In January 2023, engagement ring sales were 50/50 between natural and LGDs per Tenoris’s 2023 Diamond Analytics Survey: When Will Lab-Grown Diamonds Be the Majority? And 74% of PC Report respondents stated that they would be open to giving or receiving an engagement ring with an LGD. Knowing their benefit, they can be hard to resist, particularly for young couples.
Bigger and higher quality for less money than mined? Sign me up, say many first-time couples. More data from Tenoris reveals that sales in 1,300 U.S. retail stores saw LGD engagement ring sales increase 33% from 2022 to 2023; all those retail prices were under $5,000. The U.S. is the leading market for LGDs. Challenges exist, however in China and India, where the manufactured products “struggle to gain traction due to their low resale value and limited perception as intergenerational assets,” according to the PC Report.
And given the significant drop in LGD production costs—some estimates have them at about $600 triple keystone a carat—they can make everyone’s “Diamond Dream” a reality.
“With LGDs, there is really no more entry level,” observes Jeffrey Cohen, president of Craft Lab Grown Diamonds, a division of H.K. Designs. “LGDs have allowed every customer to purchase a ring which would have been considered aspirational not that many years ago.”
Treliss Worldwide Inc. doesn’t make that much bridal jewelry, but when it does, an LGD center stone in a nice setting can run $4,000 at retail. In mined? “About $20,000 at the end of the day,” says Aadesh Zaveri, owner.
Ostbye’s engagement styles are made mainly for new brides, and their price points reflect that fact.
“Our first-time couples average between $5,000 to $10,000 for their engagement ring,” says Theresa Namie, merchandise manager.
As LGD prices continue to decline, “retailers have fewer incentives to actively promote them over natural diamonds, which offer higher profit margins,” reveals Boston Consulting Group’s “Future of the Natural Diamond Industry” report, which also highlights that “over 70% of consumer conversions to LGDs from natural diamonds occur in-store.”

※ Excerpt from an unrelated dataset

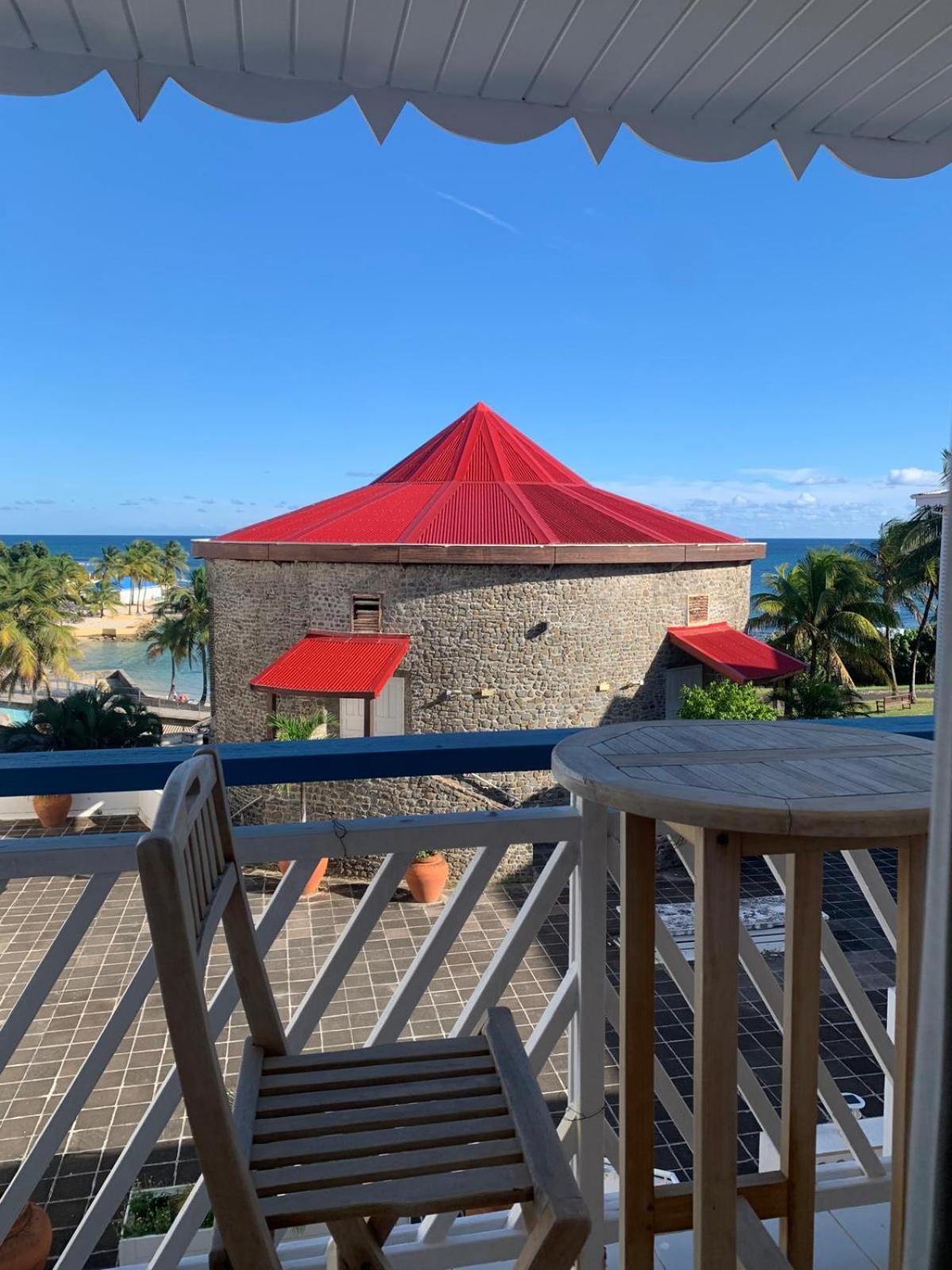 Studio Tahiti Vue Mer Saint-Francois  Esterno foto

And with all the erratic prices in the diamond market, the colored gemstone market for bridal has gotten a boost; many consumers see value in a natural product with prices that can’t stop climbing (for top-end goods at least). According to another statistic cited in the PC Report, the colored gemstone market could triple by 2035, with North America driving the greatest demand.